"All these are my friends. All these are my friends," said Larry Westbrook, as he looked into the crowd of former residents and employees of the Armed Forces Retirement Home.
It was part homecoming and part family reunion along Anniston Avenue Thursday morning. Many held cameras while others proudly wore military hats. They came to bid a building farewell.
"Well, we're looking forward to it coming down, so we can get one built back up so we can come back down here again," said former resident Dick Chitwood.
Former residents and employees awaited the implosion with somewhat heavy hearts.
"Worked in the resident affairs office for 11 years and loved it. Great atmosphere," said Terry James, "Very many good memories. A whole lot."
Karey Garrett was among the former employees who awaited the tower to come down.
"Enjoyed every day. Loved it. I had to be to work at seven, but I was always there at five thirty every morning," he said.
A siren signaled three minutes.
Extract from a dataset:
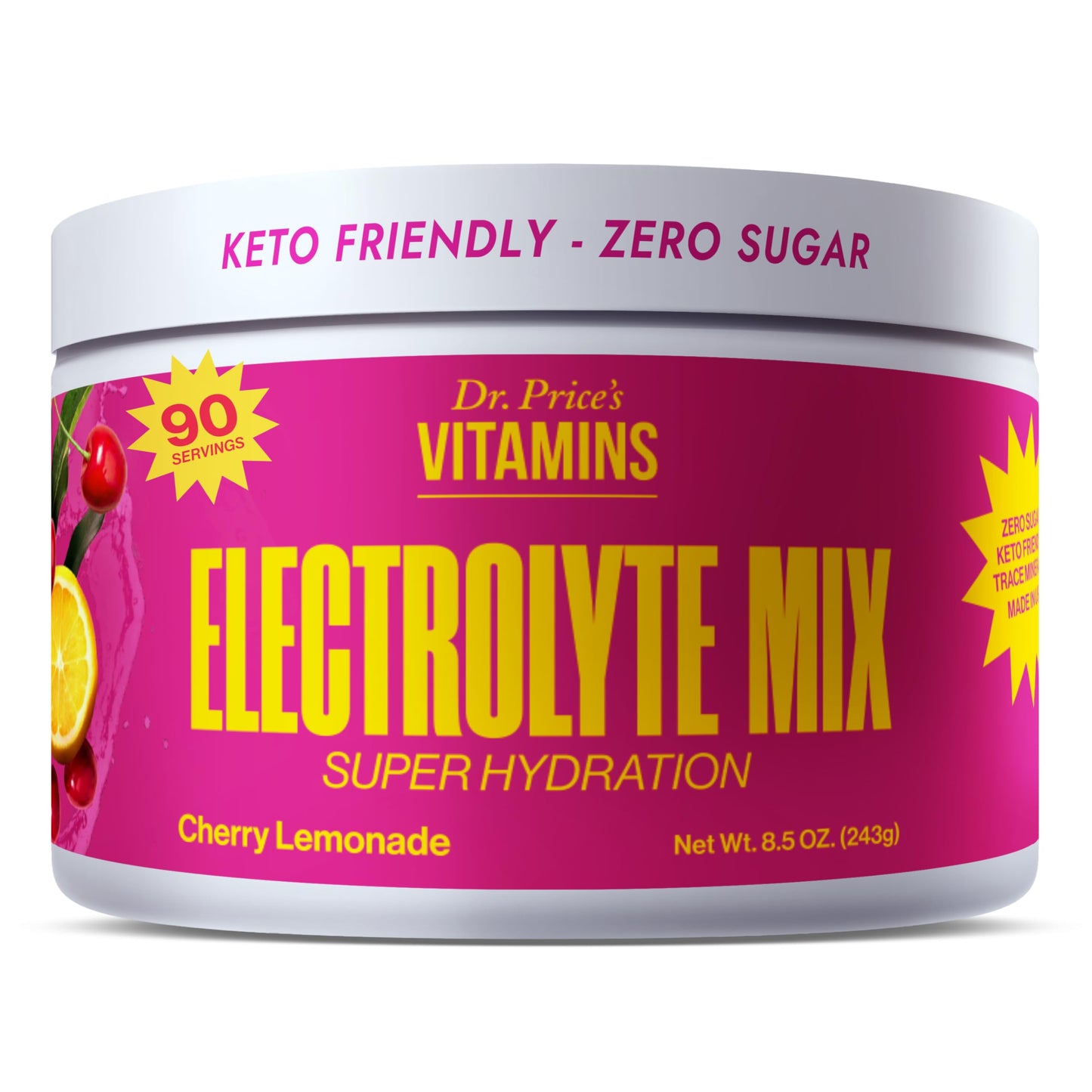 Dr. Price’s Electrolyte Mix | Sugar-Free Hydration Powder with 72+ Trace Minerals | No Sugar, Fast-Dissolving Electrolytes Powder Packets | Cherry Lemonade, 90 Servings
Three minutes until former resident Bill Parker pushes the button to make it happen.
"Kind of a bittersweet, You hate to see it come down, but if it don't come down, the new one can't go up," said Parker.
Then came the countdown: three, two, one!
A series of concussions shook the ground as the 11 story tower began its tumble. In a matter of moments, a cloud of dust, a small mountain of rubble and a stubborn elevator shaft that simply refused to fall was all that remained.
"It's not going to give up the ghost yet," joked one of the veterans in the viewing crowd.
"Yeah, it's bittersweet," said Chitwood, "But we need it coming. We need closure to get back to business."
Cleaning the rubble comes next. Construction on the new retirement home begins the first of next year. The demolition contractor says that stubborn elevator shaft will simply be knocked over with a crane.
Yates construction was awarded the $188,000,000 contract to build the new retirement home. The project is scheduled to be finished by the summer of 2010.